Provided records

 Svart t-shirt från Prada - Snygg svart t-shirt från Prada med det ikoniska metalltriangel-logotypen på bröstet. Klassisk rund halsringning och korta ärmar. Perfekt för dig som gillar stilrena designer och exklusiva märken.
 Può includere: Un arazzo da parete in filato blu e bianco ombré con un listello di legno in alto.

...

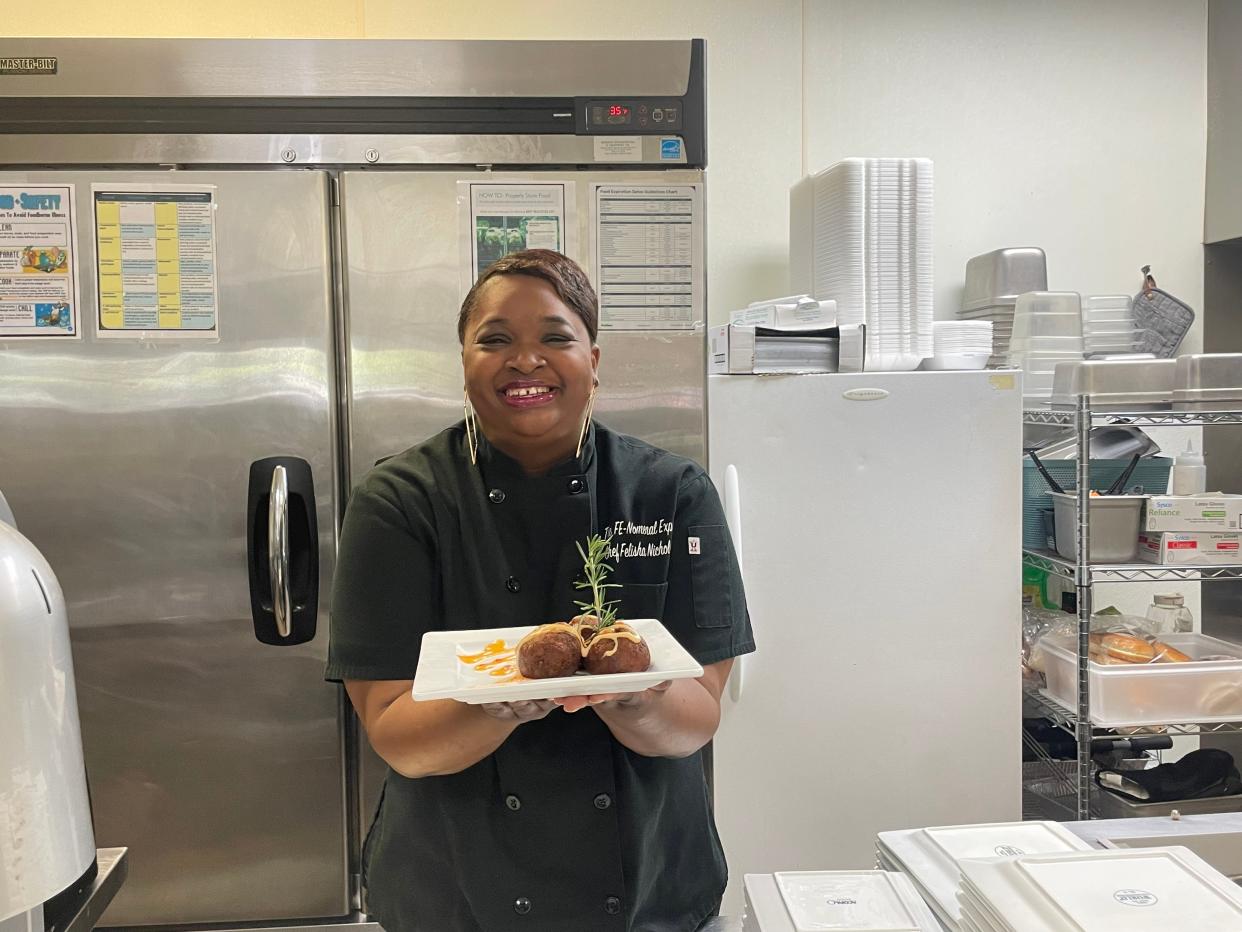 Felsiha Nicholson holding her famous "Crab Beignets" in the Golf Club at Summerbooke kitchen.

--

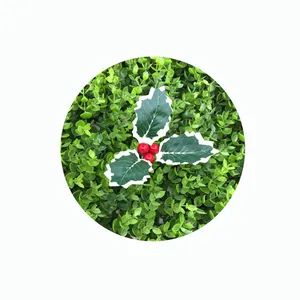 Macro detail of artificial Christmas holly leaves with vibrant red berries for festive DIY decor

What the exercise asks
Every line above from the line with "Svart t-shirt från Prada - Snygg" to the line with "Può includere: Un", both included, must be reproduced exactly, and no other line may appear.

Answer space
 Svart t-shirt från Prada - Snygg svart t-shirt från Prada med det ikoniska metalltriangel-logotypen på bröstet. Klassisk rund halsringning och korta ärmar. Perfekt för dig som gillar stilrena designer och exklusiva märken.
 Può includere: Un arazzo da parete in filato blu e bianco ombré con un listello di legno in alto.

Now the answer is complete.